Exercise materials >>
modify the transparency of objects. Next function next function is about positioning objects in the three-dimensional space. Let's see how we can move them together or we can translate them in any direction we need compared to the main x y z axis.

* * *

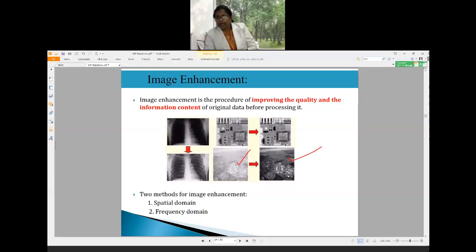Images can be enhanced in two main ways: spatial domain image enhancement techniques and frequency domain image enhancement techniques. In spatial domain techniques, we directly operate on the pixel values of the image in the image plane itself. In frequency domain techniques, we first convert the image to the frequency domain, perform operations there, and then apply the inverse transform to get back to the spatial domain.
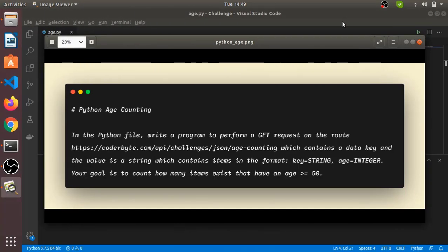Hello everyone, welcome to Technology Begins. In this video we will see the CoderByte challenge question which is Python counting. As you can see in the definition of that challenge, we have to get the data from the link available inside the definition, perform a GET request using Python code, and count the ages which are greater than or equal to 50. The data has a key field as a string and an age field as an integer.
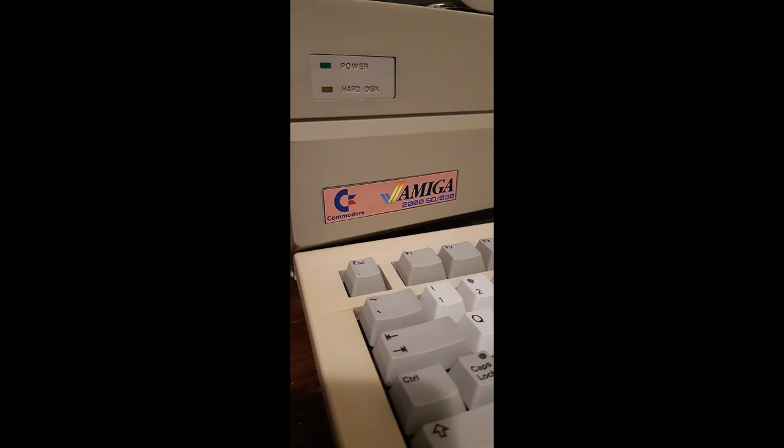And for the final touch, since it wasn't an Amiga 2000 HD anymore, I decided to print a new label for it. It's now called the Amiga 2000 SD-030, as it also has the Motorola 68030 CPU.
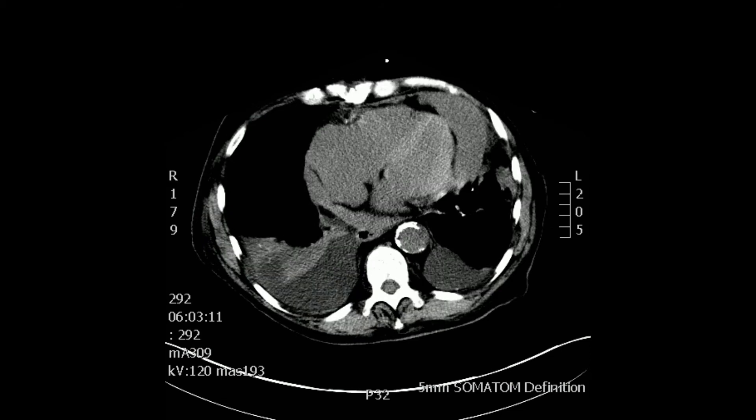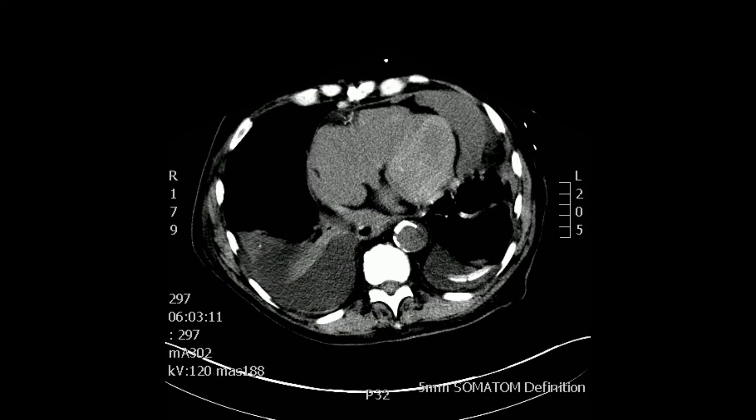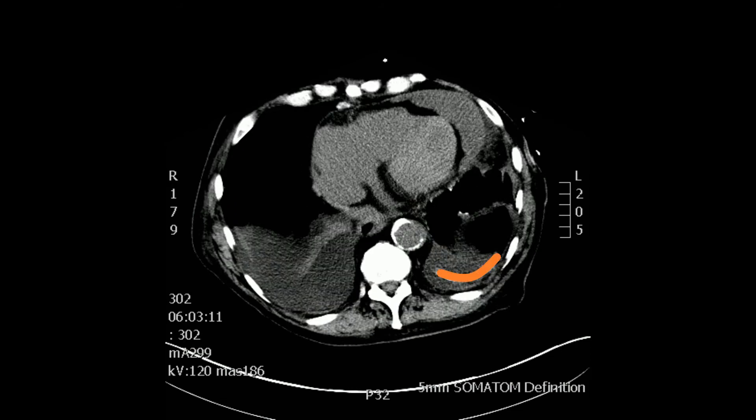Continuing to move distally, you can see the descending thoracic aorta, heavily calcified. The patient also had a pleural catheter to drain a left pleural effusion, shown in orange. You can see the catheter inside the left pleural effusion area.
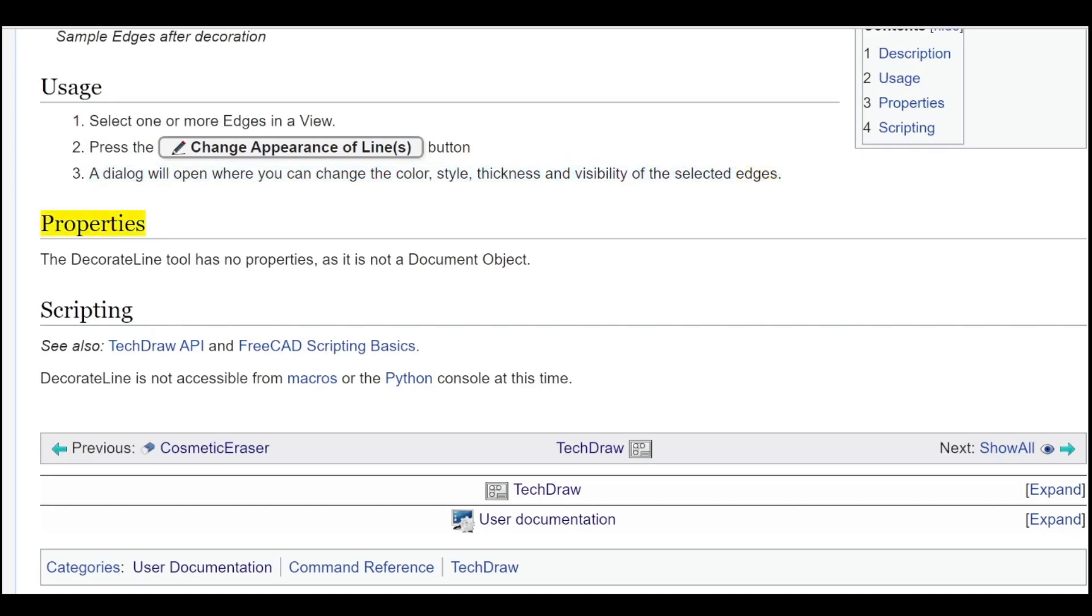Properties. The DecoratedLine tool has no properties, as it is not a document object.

Exercise description >>
When you reach the line with "Continuing to move" in the records above, start writing out each line exactly, and stop after the line with "Properties. The DecoratedLine". Pictures stay out.

Solution to this problem >>
Continuing to move distally, you can see the descending thoracic aorta, heavily calcified. The patient also had a pleural catheter to drain a left pleural effusion, shown in orange. You can see the catheter inside the left pleural effusion area.
Properties. The DecoratedLine tool has no properties, as it is not a document object.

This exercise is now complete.